Kann der Salzgehalt im Meerwasser-Nasenspray bei empfindlichen Anwendern Nasenbluten auslösen?
Ja, ein Meerwasser-Nasenspray kann bei empfindlichen Personen tatsächlich Nasenbluten auslösen, obwohl es eigentlich zur Befeuchtung und Pflege gedacht ist.
Hier sind die Hauptgründe, warum das passieren kann:
1. Der Unterschied zwischen Isotonisch und Hypertonisch
- Isotonische Sprays: Diese haben denselben Salzgehalt wie die Körperflüssigkeiten (0,9 %). Sie sind meist gut verträglich.
- Hypertonische Sprays: Diese haben einen höheren Salzgehalt. Sie wirken abschwellend, indem sie der Schleimhaut durch Osmose Wasser entziehen. Bei empfindlichen Anwendern kann dieser Prozess die Schleimhaut jedoch zu stark austrocknen. Eine trockene Schleimhaut wird spröde, bekommt Risse und die kleinen Kapillargefäße darin können platzen, was zu Nasenbluten führt.
2. Mechanische Reizung
Oft liegt es nicht am Inhalt, sondern an der Handhabung:
- Die harte Kunststoffspitze des Sprays kann beim Einführen die empfindliche Nasenscheidewand (wo sehr viele Blutgefäße zusammenlaufen, der sogenannte Locus Kiesselbachi) leicht verletzen.
- Wird der Sprühstoß direkt gegen die Nasenscheidewand gerichtet, kann der Druck des Strahls die Schleimhaut an dieser Stelle mit der Zeit reizen und bluten lassen.
3. Ablösen von Krusten
Wenn die Nase bereits sehr trocken ist und sich kleine Krusten oder Borken gebildet haben, kann das Salzwasser diese aufweichen. Wenn sich eine Kruste dann löst (entweder durch das Spray selbst oder durch anschließendes Naseputzen), wird die darunter liegende Wunde wieder geöffnet und es blutet.
4. Konservierungsstoffe
Manche Meerwasser-Sprays enthalten zusätzlich Konservierungsstoffe (wie Benzalkoniumchlorid). Diese können die Nasenschleimhaut zusätzlich reizen und bei empfindlichen Menschen die Blutungsneigung verstärken.
Was kann man tun?
Wenn Sie empfindlich reagieren, können folgende Tipps helfen:
- Auf Isotonie achten: Verwenden Sie nur isotonische Sprays (oft als „sanft“ oder „zur täglichen Pflege“ gekennzeichnet).

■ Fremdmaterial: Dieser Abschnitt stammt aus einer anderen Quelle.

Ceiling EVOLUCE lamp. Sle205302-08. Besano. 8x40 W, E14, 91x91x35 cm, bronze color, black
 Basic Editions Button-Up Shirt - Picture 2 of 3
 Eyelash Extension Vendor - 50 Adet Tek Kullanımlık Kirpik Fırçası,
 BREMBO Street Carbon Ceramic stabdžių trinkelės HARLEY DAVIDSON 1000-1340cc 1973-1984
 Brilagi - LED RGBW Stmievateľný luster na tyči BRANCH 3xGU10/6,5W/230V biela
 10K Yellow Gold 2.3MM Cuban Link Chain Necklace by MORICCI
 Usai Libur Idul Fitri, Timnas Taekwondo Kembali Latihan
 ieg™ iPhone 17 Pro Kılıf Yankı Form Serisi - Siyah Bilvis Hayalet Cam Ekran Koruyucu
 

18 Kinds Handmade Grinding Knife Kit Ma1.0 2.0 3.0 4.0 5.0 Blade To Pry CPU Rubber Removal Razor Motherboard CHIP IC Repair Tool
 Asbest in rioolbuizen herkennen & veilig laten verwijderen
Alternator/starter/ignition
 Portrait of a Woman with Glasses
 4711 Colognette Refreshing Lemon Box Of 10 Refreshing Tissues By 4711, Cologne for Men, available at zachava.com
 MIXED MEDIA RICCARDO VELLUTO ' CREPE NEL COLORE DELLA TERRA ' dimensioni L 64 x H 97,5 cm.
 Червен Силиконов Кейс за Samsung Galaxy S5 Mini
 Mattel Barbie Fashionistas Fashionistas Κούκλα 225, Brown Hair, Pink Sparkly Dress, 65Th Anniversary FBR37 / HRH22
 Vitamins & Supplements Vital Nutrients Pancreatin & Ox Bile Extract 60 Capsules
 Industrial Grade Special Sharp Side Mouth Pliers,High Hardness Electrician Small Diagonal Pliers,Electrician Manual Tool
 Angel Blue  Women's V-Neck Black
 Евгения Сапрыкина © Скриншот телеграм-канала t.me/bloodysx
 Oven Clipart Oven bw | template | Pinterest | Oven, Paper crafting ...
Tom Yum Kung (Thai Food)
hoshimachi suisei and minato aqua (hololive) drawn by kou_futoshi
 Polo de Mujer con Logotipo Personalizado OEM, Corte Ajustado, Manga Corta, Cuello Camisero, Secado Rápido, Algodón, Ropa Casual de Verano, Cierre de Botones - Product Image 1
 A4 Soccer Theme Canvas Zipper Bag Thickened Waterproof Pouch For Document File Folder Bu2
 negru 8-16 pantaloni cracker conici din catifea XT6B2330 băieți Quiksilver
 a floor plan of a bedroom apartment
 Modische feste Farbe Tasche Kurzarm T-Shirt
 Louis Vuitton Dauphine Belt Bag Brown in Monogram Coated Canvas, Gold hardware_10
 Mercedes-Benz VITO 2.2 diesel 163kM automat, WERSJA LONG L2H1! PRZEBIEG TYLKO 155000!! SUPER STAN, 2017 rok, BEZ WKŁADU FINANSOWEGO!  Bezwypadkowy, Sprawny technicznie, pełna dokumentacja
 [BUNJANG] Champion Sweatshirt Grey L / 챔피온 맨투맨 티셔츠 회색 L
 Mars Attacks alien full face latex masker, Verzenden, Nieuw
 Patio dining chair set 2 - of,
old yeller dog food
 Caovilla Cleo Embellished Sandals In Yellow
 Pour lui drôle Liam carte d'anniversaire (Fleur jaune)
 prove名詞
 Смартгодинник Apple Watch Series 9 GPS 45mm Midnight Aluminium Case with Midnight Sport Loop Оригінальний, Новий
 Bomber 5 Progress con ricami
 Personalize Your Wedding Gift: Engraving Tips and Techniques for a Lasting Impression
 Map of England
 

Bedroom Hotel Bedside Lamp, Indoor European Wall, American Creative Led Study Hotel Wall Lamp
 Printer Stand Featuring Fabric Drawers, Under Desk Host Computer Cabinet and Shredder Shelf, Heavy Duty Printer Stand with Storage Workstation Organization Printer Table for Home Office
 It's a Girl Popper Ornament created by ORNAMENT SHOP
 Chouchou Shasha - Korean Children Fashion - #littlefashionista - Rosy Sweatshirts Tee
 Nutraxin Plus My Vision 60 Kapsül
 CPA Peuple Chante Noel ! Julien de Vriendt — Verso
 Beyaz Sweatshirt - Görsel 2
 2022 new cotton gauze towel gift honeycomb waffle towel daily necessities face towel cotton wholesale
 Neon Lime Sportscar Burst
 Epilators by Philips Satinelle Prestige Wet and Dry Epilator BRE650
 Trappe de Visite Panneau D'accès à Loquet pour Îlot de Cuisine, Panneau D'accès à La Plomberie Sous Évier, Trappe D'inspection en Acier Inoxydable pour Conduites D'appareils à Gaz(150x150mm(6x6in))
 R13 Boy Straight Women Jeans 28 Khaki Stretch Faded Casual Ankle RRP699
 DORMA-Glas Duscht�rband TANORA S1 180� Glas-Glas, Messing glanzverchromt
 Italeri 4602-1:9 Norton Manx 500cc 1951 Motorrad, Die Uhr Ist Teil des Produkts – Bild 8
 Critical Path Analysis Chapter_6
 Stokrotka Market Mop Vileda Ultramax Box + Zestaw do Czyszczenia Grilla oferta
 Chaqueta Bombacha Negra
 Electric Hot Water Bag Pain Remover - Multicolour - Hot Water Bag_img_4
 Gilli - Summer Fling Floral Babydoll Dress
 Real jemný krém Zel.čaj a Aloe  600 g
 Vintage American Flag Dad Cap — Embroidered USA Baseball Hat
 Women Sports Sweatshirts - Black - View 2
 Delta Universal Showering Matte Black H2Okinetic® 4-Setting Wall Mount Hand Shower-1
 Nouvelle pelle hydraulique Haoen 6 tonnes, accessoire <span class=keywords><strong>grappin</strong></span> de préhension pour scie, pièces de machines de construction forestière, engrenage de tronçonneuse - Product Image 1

- Zusätze nutzen: Wählen Sie Sprays mit pflegenden Zusätzen wie Dexpanthenol oder Hyaluronsäure. Diese binden Feuchtigkeit und unterstützen die Heilung der Schleimhaut.
- Richtige Technik: Sprühen Sie „über Kreuz“. Das heißt: Mit der rechten Hand ins linke Nasenloch (Richtung linkes Auge/Ohr zielen) und mit der linken Hand ins rechte Nasenloch. So zielen Sie von der Nasenscheidewand weg.
- Nasensalbe oder -öl: Wenn die Nase sehr trocken ist, helfen fetthaltige Salben oder Nasenöle (z.B. auf Sesamöl-Basis) oft besser als Sprays, da sie einen Schutzfilm bilden.
- Viel trinken: Die Feuchtigkeit der Schleimhäute kommt auch von innen.
Wann zum Arzt? Wenn das Nasenbluten häufig auftritt, sehr stark ist oder sich nicht innerhalb weniger Minuten durch Zusammendrücken der Nasenflügel stoppen lässt, sollten Sie einen HNO-Arzt aufsuchen. Es könnte ein offen liegendes Gefäß verödet werden müssen.
Hinweis: Diese Informationen dienen der allgemeinen Aufklärung und ersetzen keine ärztliche Diagnose oder Beratung.